Dans ce livre, Mongo Béti met en exergue les maux dont souffrent nos sociétés. Mais il ne s’arrête pas là, il donne également des esquisses de solutions. Au sujet de la culture par exemple, il insiste sur la nécessité d’une révolution culturelle grâce à laquelle certaines traditions archaïques anti-modernistes et anti-économiques seraient abandonnées pour faire place à l’épanouissement de l’individu à la liberté et la dignité. Il ne faut pas rompre avec les traditions africaines dit-il, mais il ne faut non plus rester engoncés dans des postures archaïques freinant l’esprit d’entreprise, d’initiative et de liberté.

« Quand on regarde notre capitale parmi les gens qui ont fait des études (…) combien vivent selon les critères de l’intellectuel (…) par exemple en se conformant à une rigoureuse discipline dans leur travail, assiduité, ponctualité, et tout ça ? Très peu en réalité. La plupart se laissent récupérer très vite par la facilité de la vie africaine. J’appelle ça tirer le pays vers le bas (…) c’est à dire vers la perpétuation des modes de vie, des modes de pensée, et des mentalités traditionnelles, alors que la démocratie et la prospérité économique exigent, qu’au contraire nous soyons tirés vers le haut ».


Mongo Béti parle, pages 81-82

Mais encore :

« Sur place, on se rend compte de la faillite des élites camerounaises. La conscience du monde, la conscience de l’importance de ce qui se passe dans le monde n’est pas spontanée.
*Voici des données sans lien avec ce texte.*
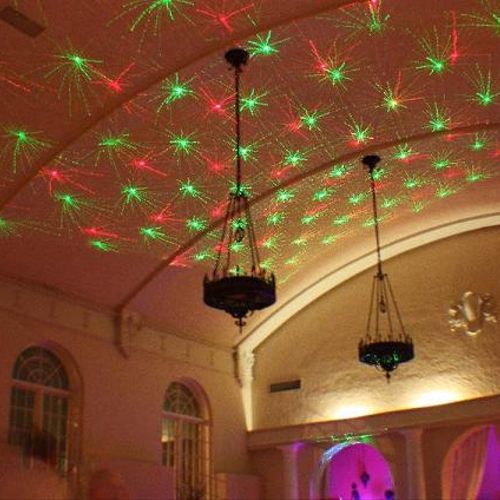 An elegant star cluster LED effect that can liven 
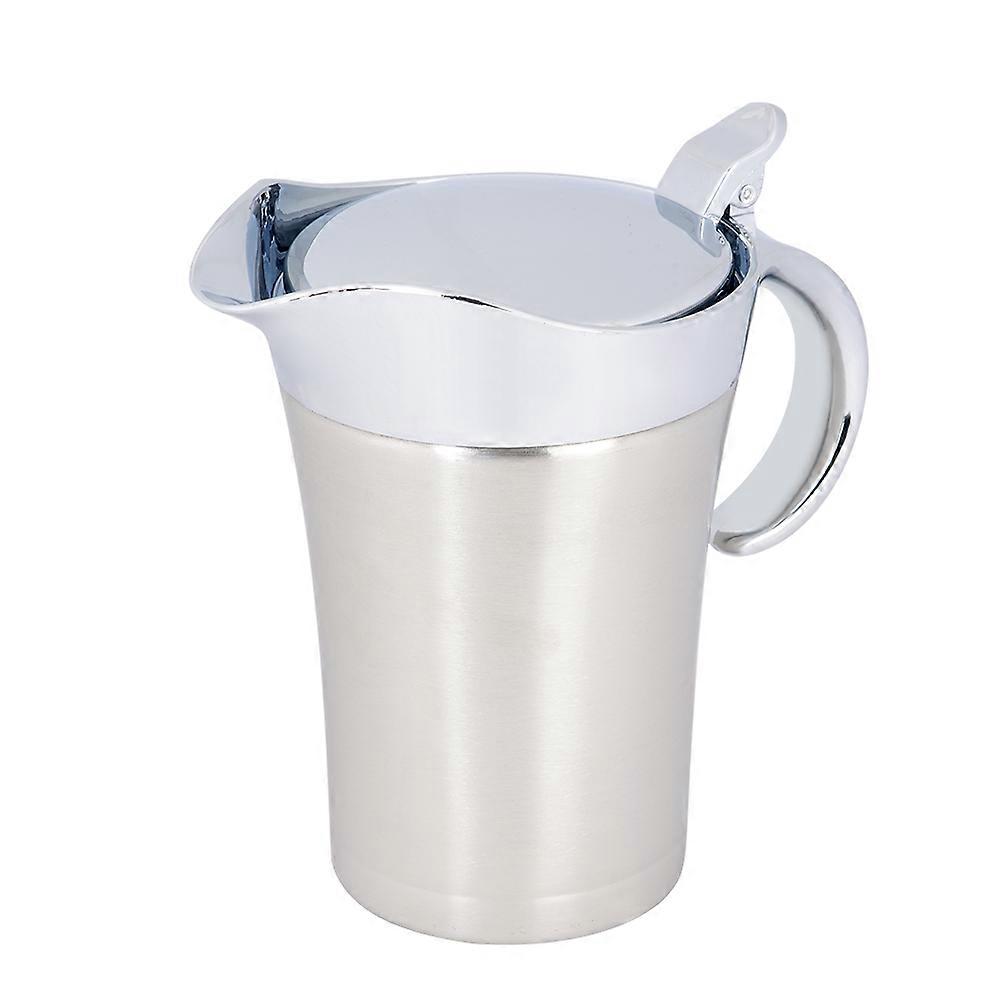 Rustfrit stål termisk sovs båd, 750ml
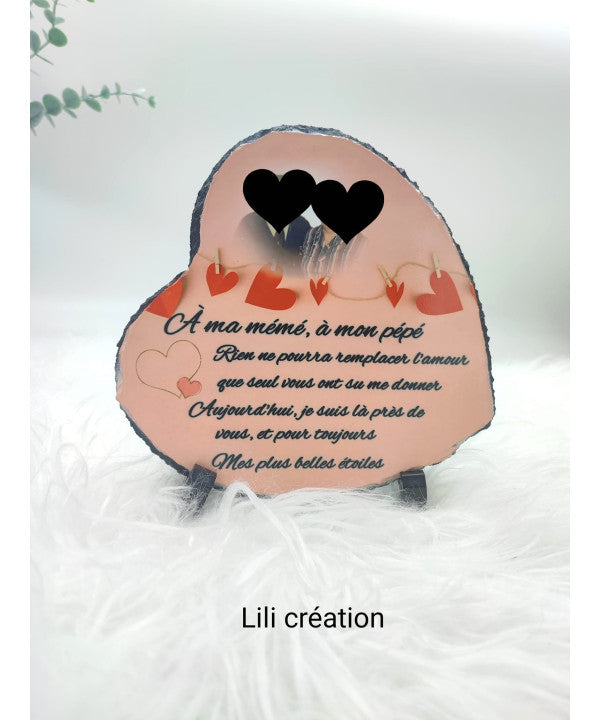 Plaque commémorative – Cœurs épinglés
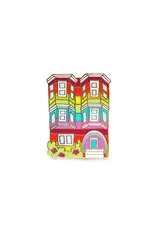 Brenna Daugherty Illustration San Francisco Rainbow Pride House Pin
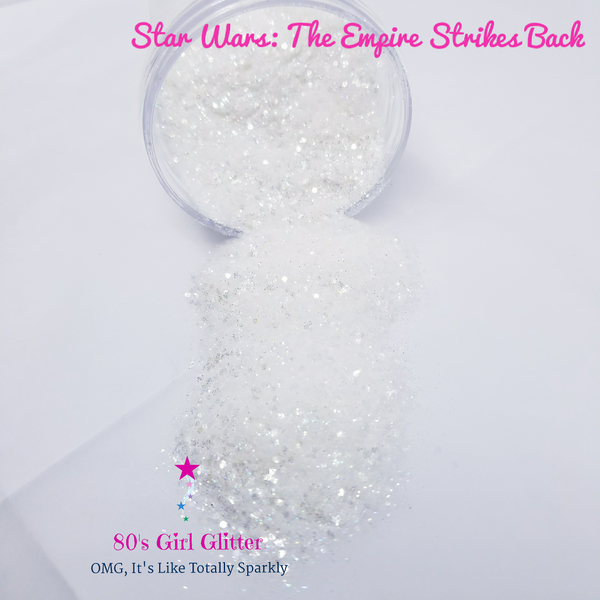 Star Wars: The Empire Strikes Back - Glitter - White Glitter - White Iridescent Chunky Glitter - 80's Girl Glitter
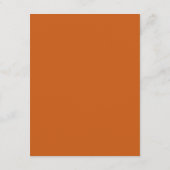 Roze Sinaasappel Retro 70s Trouwplaats Kaart DIY (Achterkant)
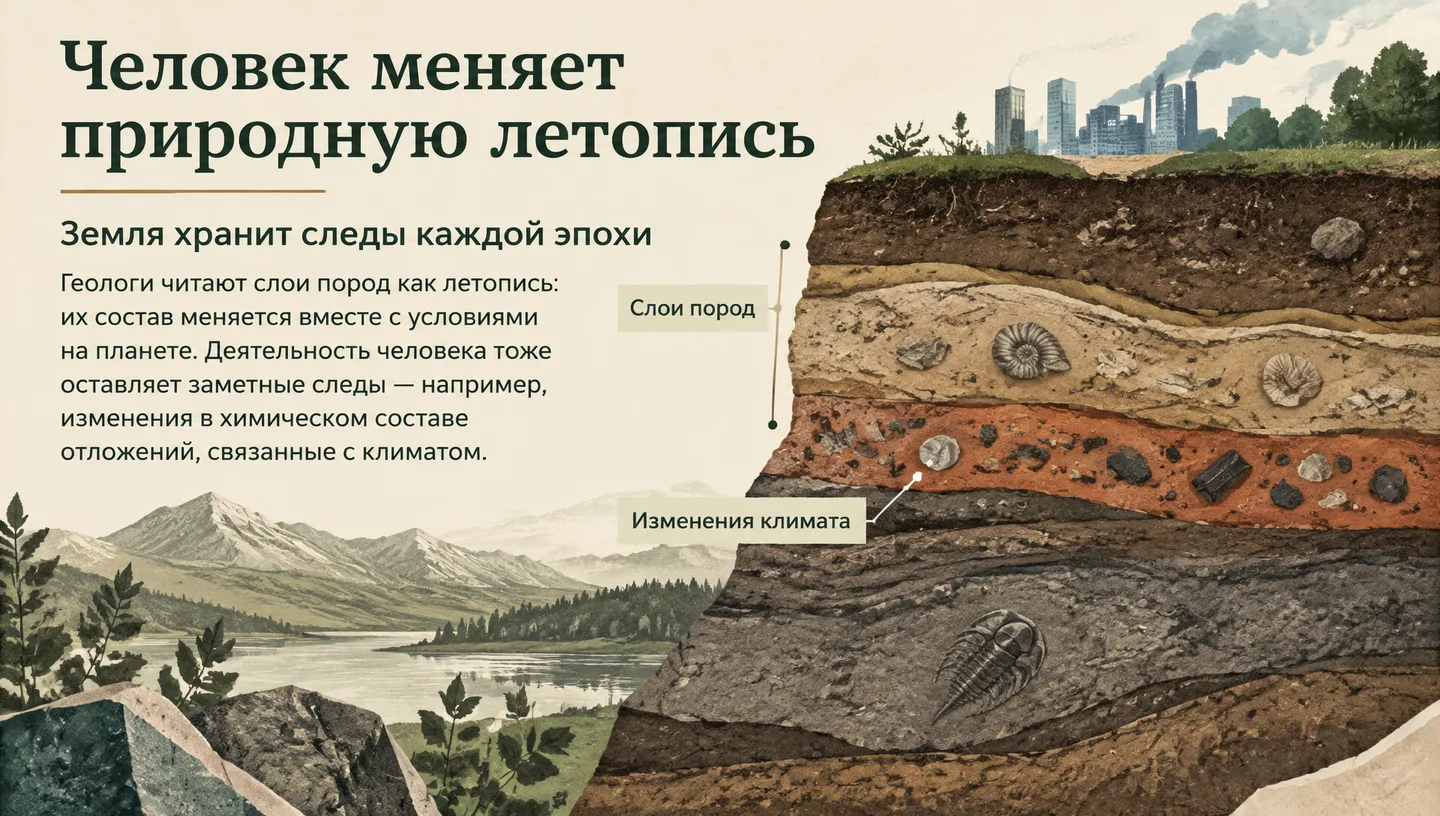 Человек меняет природную летопись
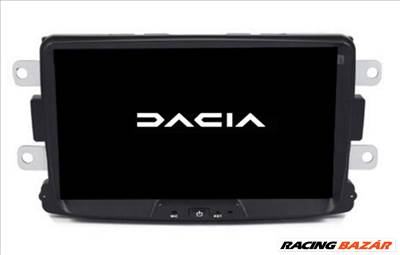 Dacia Android Multimédia Rádió, 2+32 GB, GPS, Wifi, Bluetooth, Tolatókamerával!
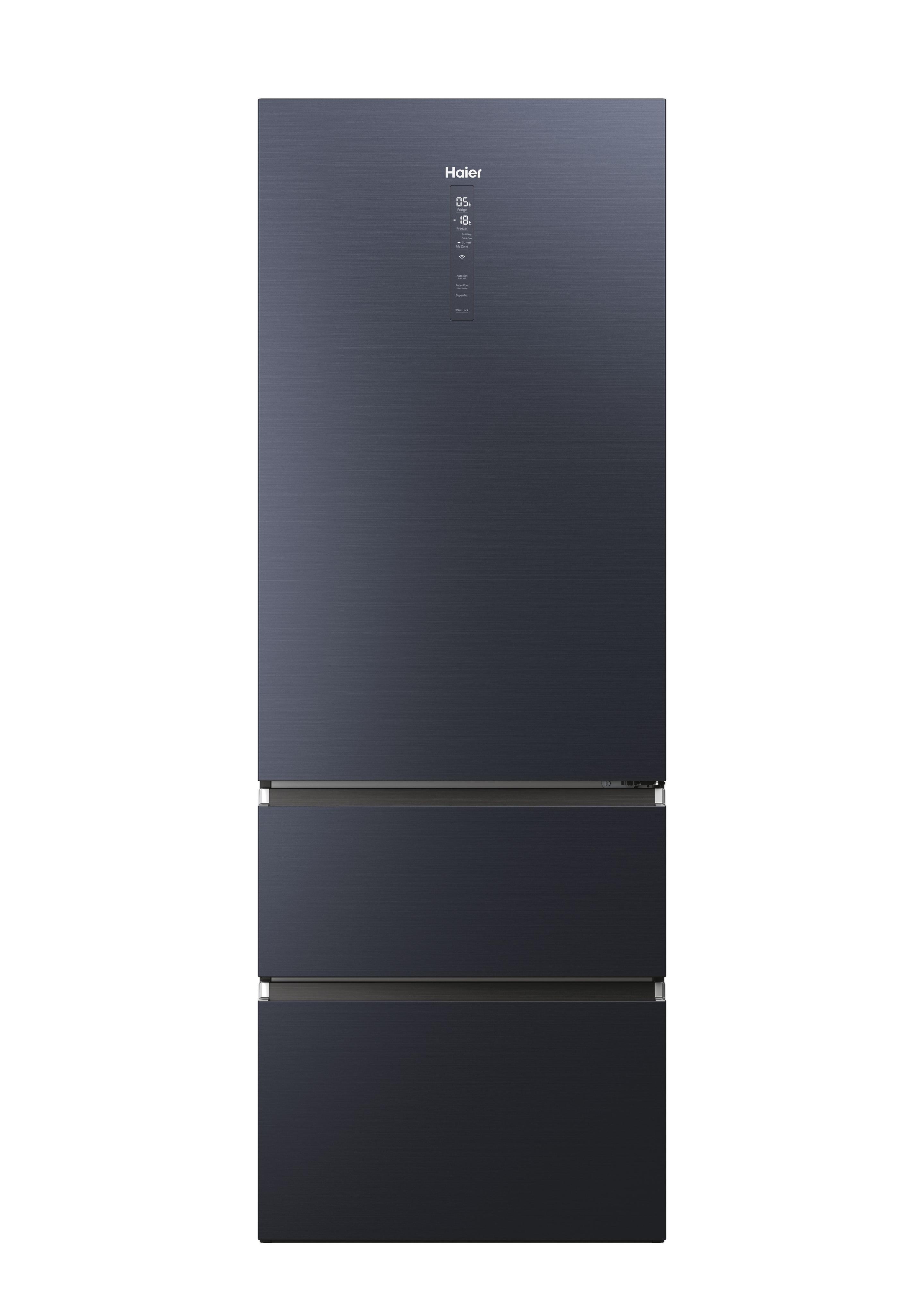 Frigorífico Combinado Independente HAIER HTW7720ENMB (483 l - Automática no frost - hOn - Preto)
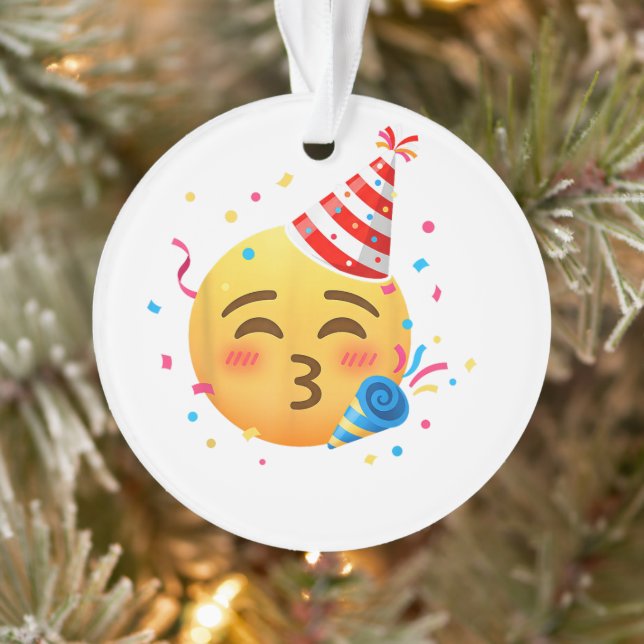 Funny Emoticon Party Ornament (Tree)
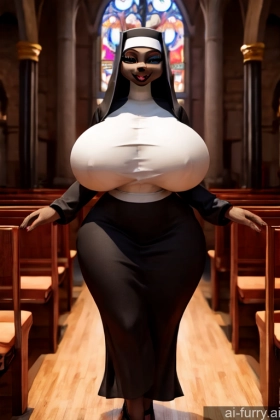 African 3d Nun Huge Boobs Lingerie Church One Bimbo Sexy Face 30s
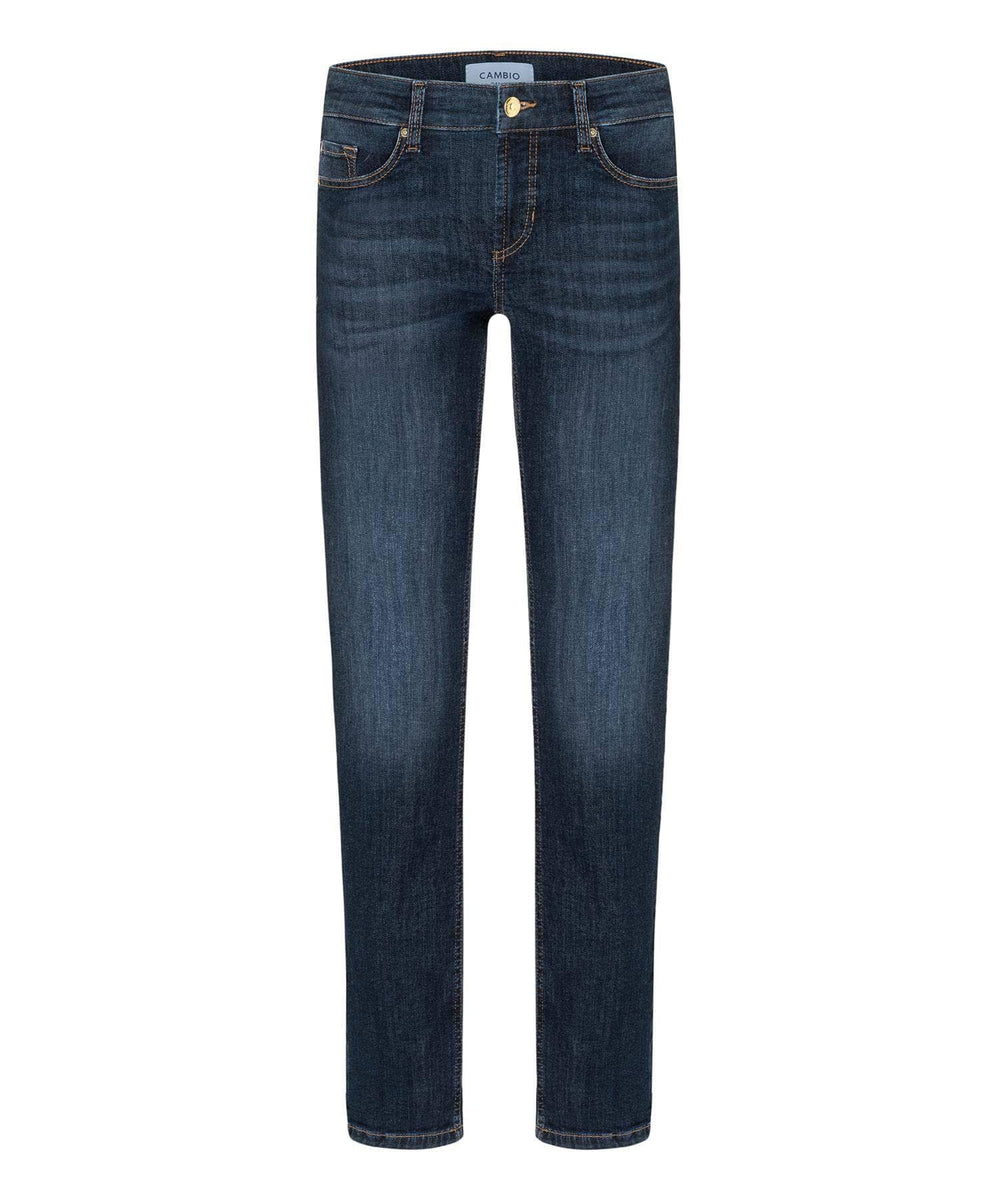 Cambio mørkeblå bukse jeans - forfra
Elle est créée et est entretenue par une classe de gens qui sont soucieux d’informer le pays et de lui transmettre cette conscience des choses. Or chez nous ça n’existe pas.»


Mongo Béti parle, page 164

Plus loin, Mongo Béti explique les raisons de la faillite des élites africaines en générale et de celles camerounaises en particulier.

La politique et les politiciens ne sont pas oubliés : les différents présidents qui se sont succédés à la tête du Cameroun, par exemple, sont « loués » pour leur incompétence et le rôle prépondérant de l’entreprise française d’exploitation, raffinage et de distribution pétrolière ElfAquitaine dans l’installation et la perpétuation du système néocolonialiste par la France en Afrique, est souligné. Faisant un pied de nez à tous ceux qui l’ont traité d’anti-français, Mongo Béti réaffirme que toutes les colonisations se valent et que les Anglais n’ont pas fait mieux que les Français. Enfin, pour se sortir de l’impasse dans laquelle se trouve l’Afrique actuellement, Mongo Béti prône la non-violence, en tout cas celle des peuples:

« Martin Luther King a mené un combat d’où la violence n’était pas exclue. C’est là le problème, la violence ne fût pas le fait de Martin Luther King, mais  Martin Luther King et ses troupes ont subi la violence du pouvoir blanc. (…) Je n’ai pas l’impression que nous puissions nous en tirer ici, même en préconisant un combat non violent, que nous puissions nous en tirer sans subir la violence des autres ».

Mais

«  J’ai l’impression que la non-violence n’a pas été suffisamment utilisée par les Camerounais. Je crois pourtant que c’est là notre seule chance de nous en sortir ».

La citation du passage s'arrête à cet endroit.